Examples of loneliness in the Bible show that it was experienced by Moses, King David, and especially by Jesus himself. Most importantly, these verses show that God himself intimately understands what it's like to feel lonely and that even when you feel most alone, you truly never are. Sometimes friends or family members can let us down, abandoning us at the moment we need them the most.
Jesus' very last words to his disciples when he ascended into heaven remind us that we can never truly be abandoned, no matter how we may be feeling: " And behold, I am with you always, to the end of the age."-Matthew 28:20
God himself, in the person of Jesus, experienced loneliness in all its most painful forms. Jesus knew well the pain of desertion and rejection from those closest to him. Jesus’s friends and family didn’t understand him. His brothers were ashamed to be associated with him and some rejected him. But the most painful moment for Jesus and one which we can all relate to was when he felt that even God had left him alone when he was dying on the cross.

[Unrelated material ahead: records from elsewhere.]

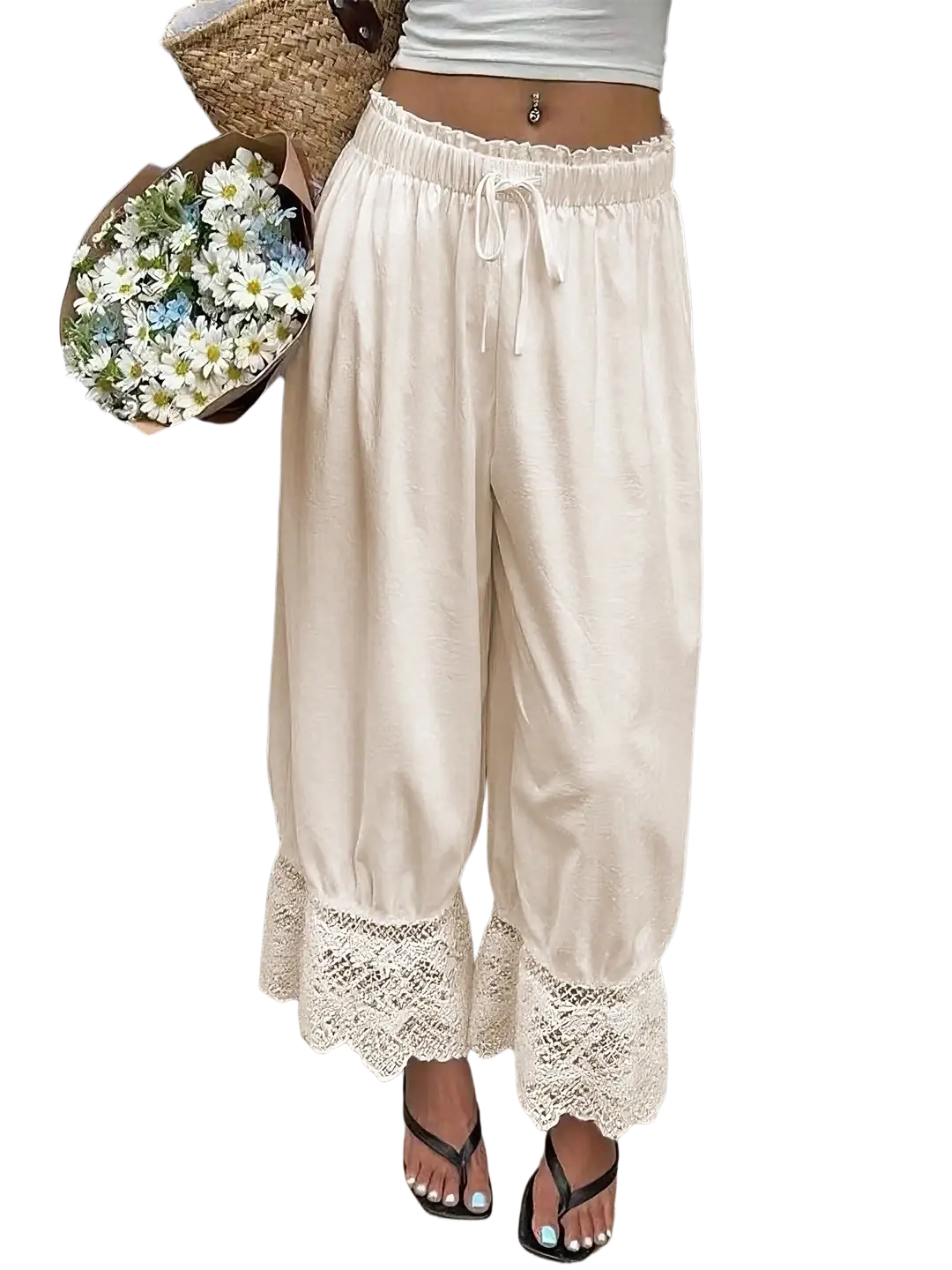 Cream-colored wide leg pants with drawstring waist and delicate lace trim perfect casual trousers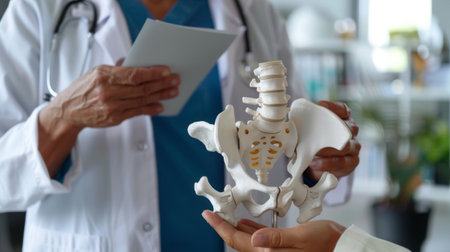 A medical professional holding a model of the human pelvis, explaining the structure and function of the pelvic bones to a patient.の素材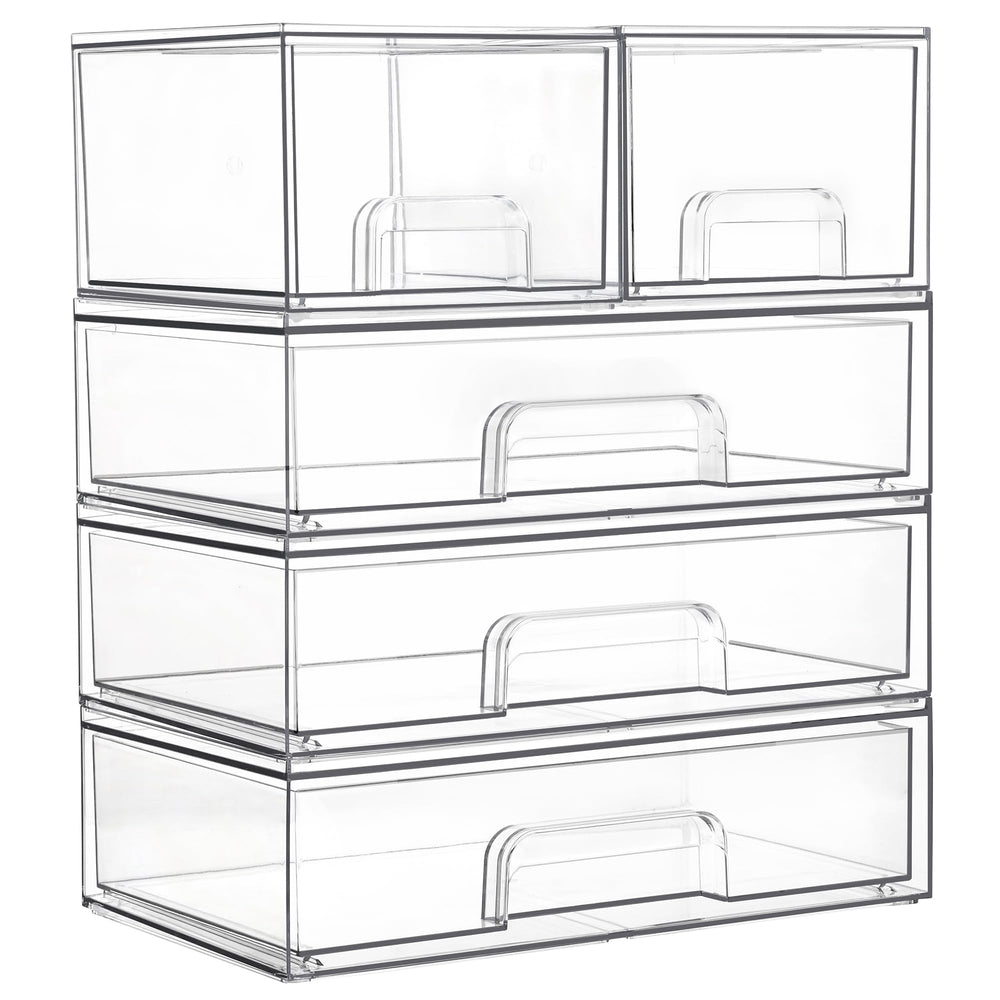 Vtopmart clear stackable drawers front view demonstrating five-drawer makeup organization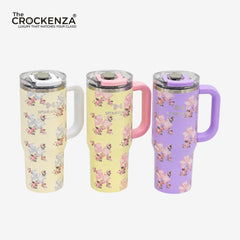 Sitarayuri 900ML Stainless Steel Floral Travel Tumbler with Handle – Leak-Proof Water Bottle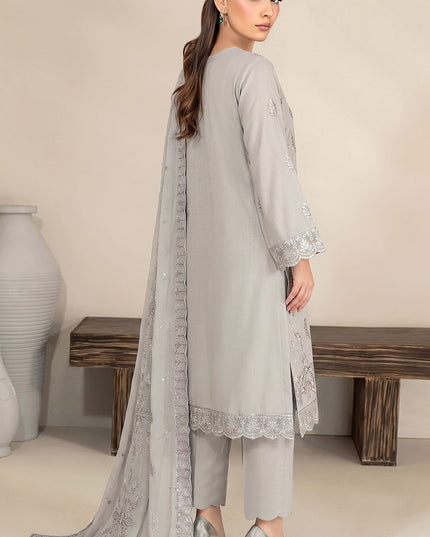 Embroidered Karandi Lawn with Crinkle Chiffon Dupatta 3Pc - Mah e Rooh (Mehak)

So what does God want us to do to help people who are lonely? He wants us to be there for others, but what if God asked you to befriend someone you don’t particularly like or get on with? In scriptures, he has asked us to do this many times. Jesus said “Love your enemies”. In Luke 6, he said “Do good to them and lend to them without expecting anything back. Then your reward will be great”
So to conclude... Loneliness is now an epidemic impacting on all groups in society. Young and old, wealthy or poor, married or single, can all suffer from the lack of real meaningful friendships. As Christians we can make a difference by reaching out to these individuals and to remember for ourselves that our loneliness can be redeemed by the Friend who endured the ultimate loneliness for our sake, Jesus Christ.